IT’S not the longest ferry crossing, but I suspect even Marco Polo might have been impressed by the feeling of adventure you get when you set sail from Uig.
Perhaps it’s the long journey to reach this point, perhaps it’s the windswept loneliness which surrounds it, but this little port with its scattering of houses in the north of Skye always makes me feel I am at the ends of the earth.
My first experience involved sleeping in the car for a few hours while I waited in icy darkness for the 5am sailing over the waters of the Little Minch to Harris. Subsequent trips have failed to dislodge that feeling of cold farewell, even with sunshine and blue skies.
I was heading to Tarbert for the Harris Mountain Festival, a week-long mix of talks and walks where I was one of the guest speakers. I had hoped to tick off three mountains on my Grahams list while I was there, but with so many other options I was happy to play it by ear.

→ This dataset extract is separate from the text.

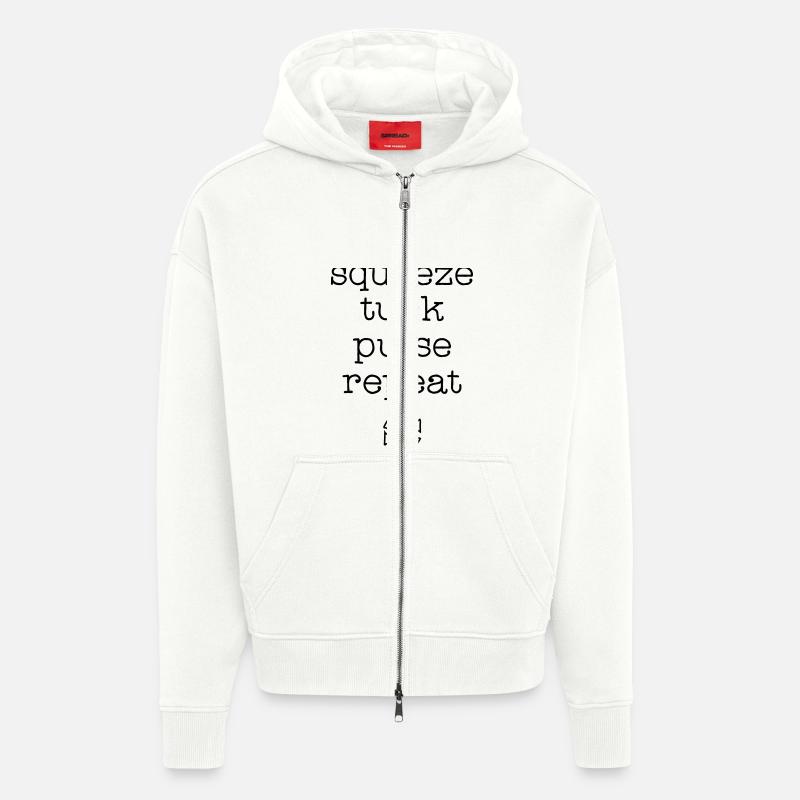Squeez, Tuck, Pulse, Repeat - Veste à capuche bio épaisse oversize fabriqué en UE - OFF WHITE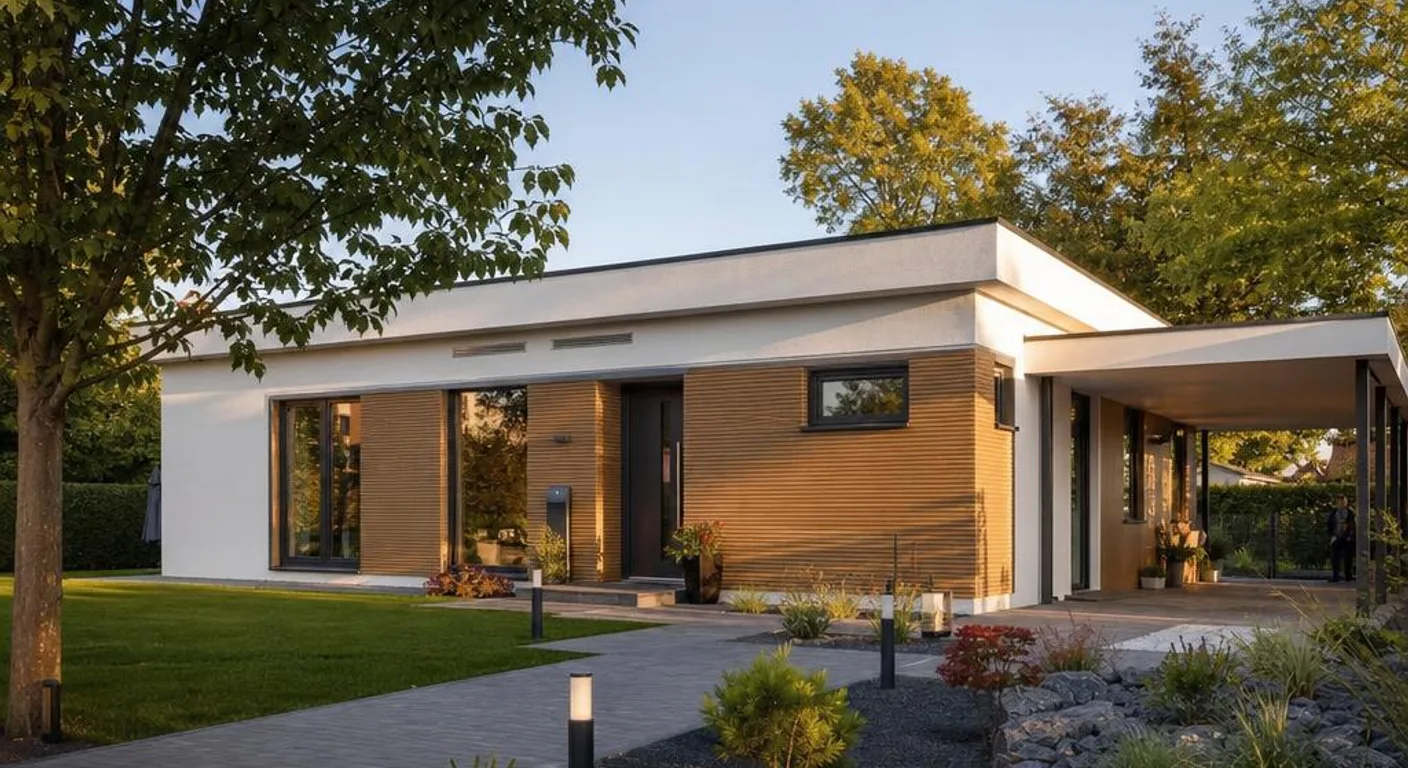 Hausmodell: moderner Fertighaus Bungalow mit Holz-Weiß-Fassade und Flachdach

I stayed at a cottage on the east coast and was rewarded with a beautiful sunrise next morning. Unfortunately, just a few miles over to the west coast, the hills I was aiming to climb were shrouded in low cloud.
I like to think I am more laid back these days when it comes to walking, so I decided to turn my back on the greyness and head back east to tackle The Postman’s Path, rated by many as the most scenic path in Scotland.

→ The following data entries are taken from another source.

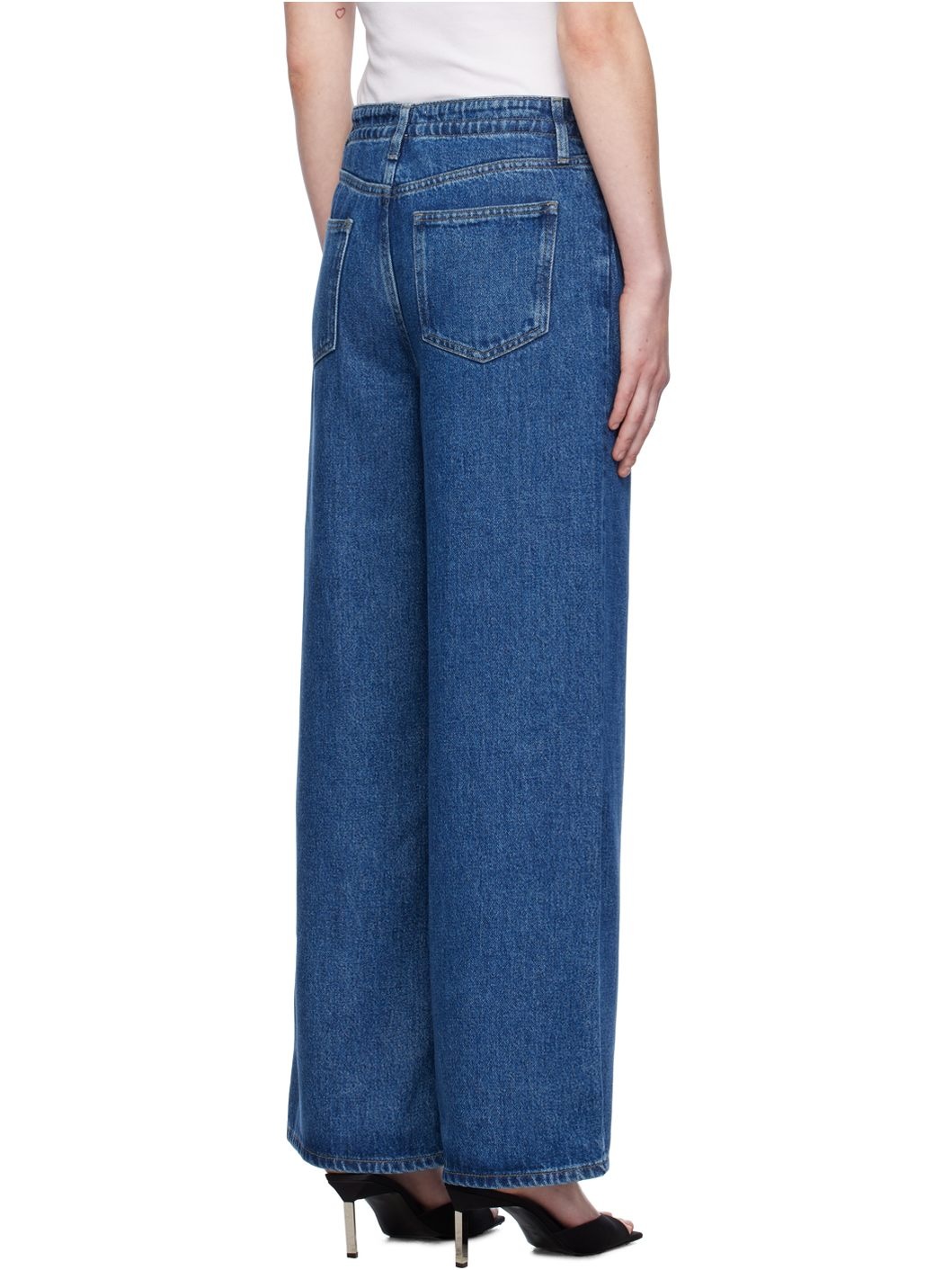 Blue Drawstring Wide Leg Jeans - 3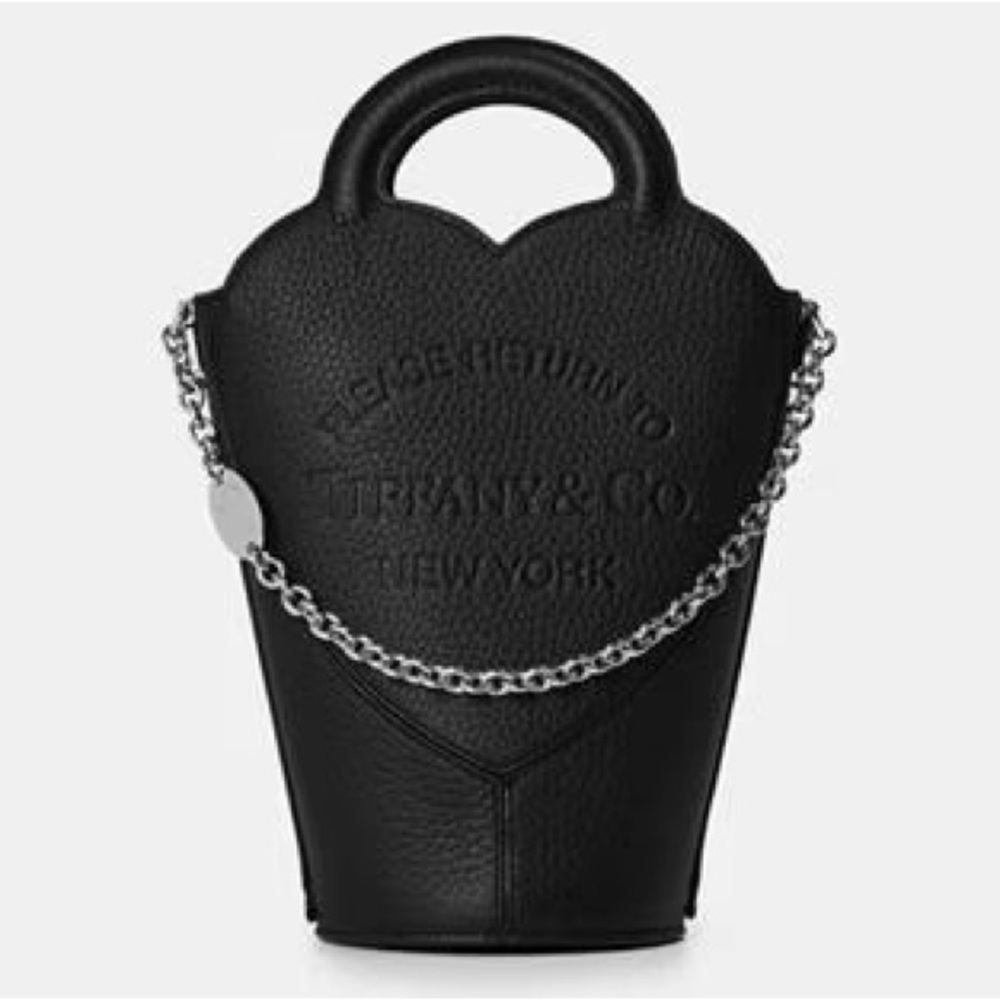 NEW! Tiffany & Co. Black Leather Bucket Style Women's Bag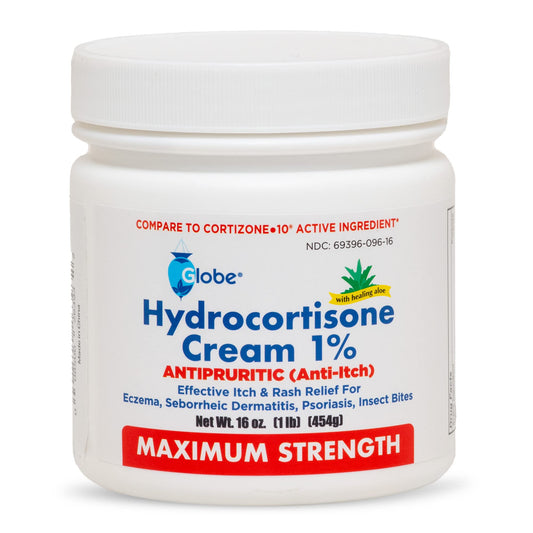 Globe hydrocortisone cream jar 16 oz with aloe delivers soothing itch relief for irritated skin.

The first half hour or so is all about gaining height but when you reach the first horizon the views appear in spectacular fashion; four-plus miles of deep inlets dotted with little islands, steep heather-clad hillsides and the poignant remains of old settlements. And for a bonus point, I even had a golden eagle soar lazily over my head as I headed down a section of grassy zigzags.
The path eventually comes out near Reinigeadal, a few houses which include a remote hostel. There’s a fair amount of uphill work to be done to reach here and you would be mighty relieved to find a warm bed waiting.

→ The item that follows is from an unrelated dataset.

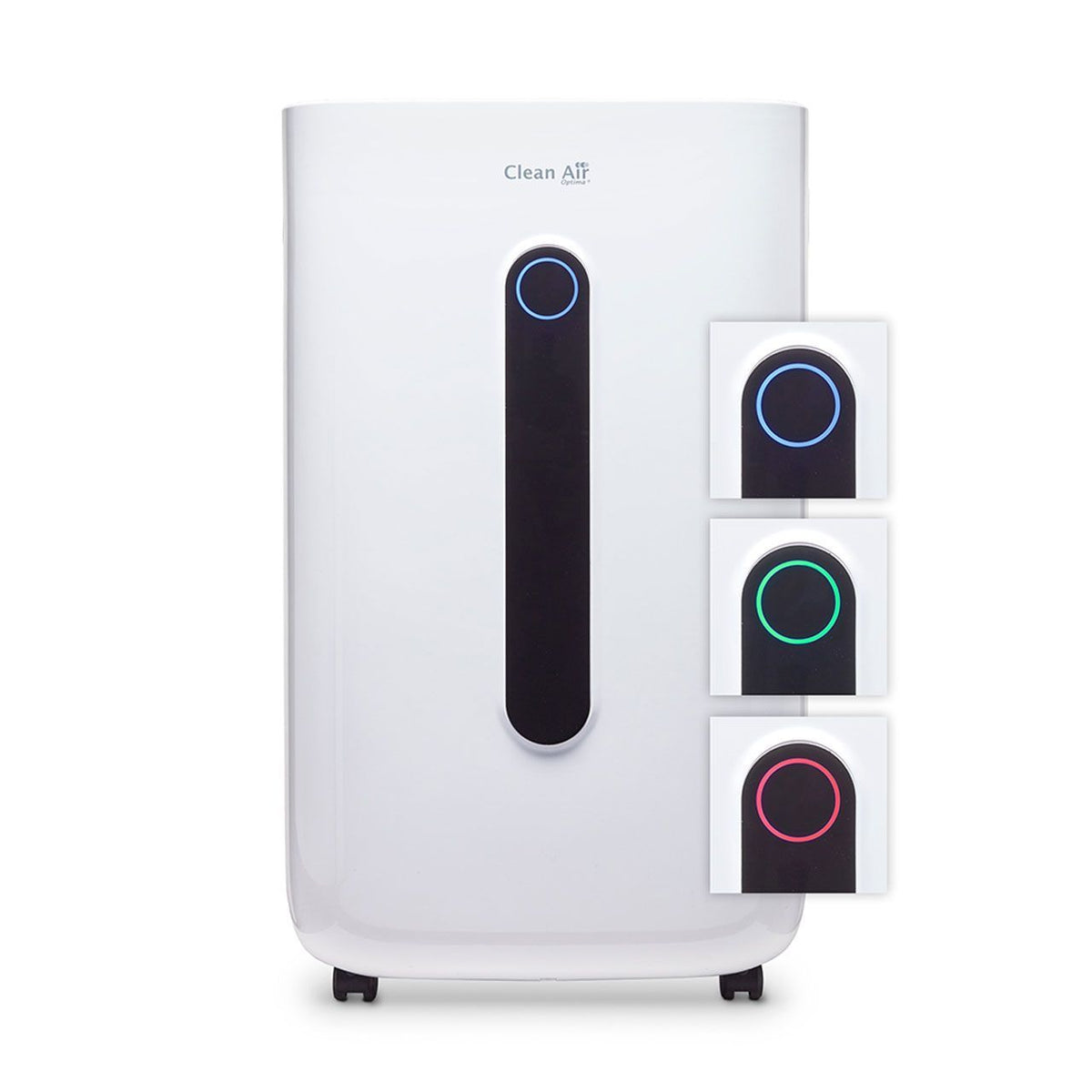 Clean Air Optima CA-705 Luftentfeuchter, weiß, mit Detailansichten des Bedienrings in Blau, Grün und Rot
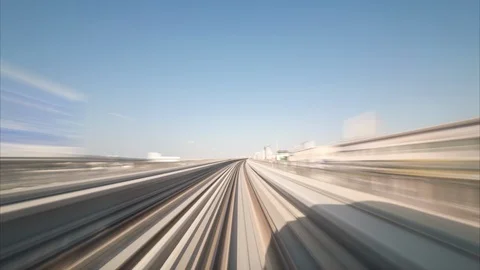 Modern driverless Dubai elevated Rail Metro System Stock Footage 110906779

I managed to take in a film night over in Scalpay as part of the festival before retiring for the night with mountains on my mind. My cottage companions had changed with the bedsheets, and now included a Danish lady and two Belgian gentlemen.
Sleppe was on his twentieth journey round Scotland but his rapidly deteriorating health meant this would probably be his farewell to a country he had grown to love. His younger companion was getting a guided tour to all the old haunts while watching out for him.
The sunrise was even more spectacular the following day, purples, yellows, reds and oranges lighting up the horizon, a slowly rippling multi-coloured sheen conquering the dark waters of the bay.
Again though, there was an east-west split, and my ascent of Tiorga Mor quickly went downhill, so to speak. The slopes of the hills here seem afflicted by an outbreak of giant, grey measles, typical of much of the landscape of Harris. It’s rough, untamed country, and all the better for it.
The trig point summit was reached amid ever-increasing pulses of rain and the return via a northern then eastern descent amongst complex terrain to the lochs of Gleann Chliostair was achieved with a modicum of relief.
The Moonwalker show avoided the Nancy Dell’olio affliction and played to a full house at the Harris Hotel that evening, new friendships forged and old ones reaffirmed, a relaxed and welcoming end to a wet day.
I reluctantly left early next day, the sun splitting the sky as I boarded the ferry. By the time we docked in Uig, I had decided the adventure shouldn’t come to an end just yet. When you catch Skye in Med-style conditions you have to take advantage, so I headed up from the Slig for a short circuit of the red scree slopes of Beinn Dearg Mhor.
From high on the ridge, I could look down on the long, twisting road home. I couldn’t help wonder if Sleppe was enjoying a similar experience for his final adventure.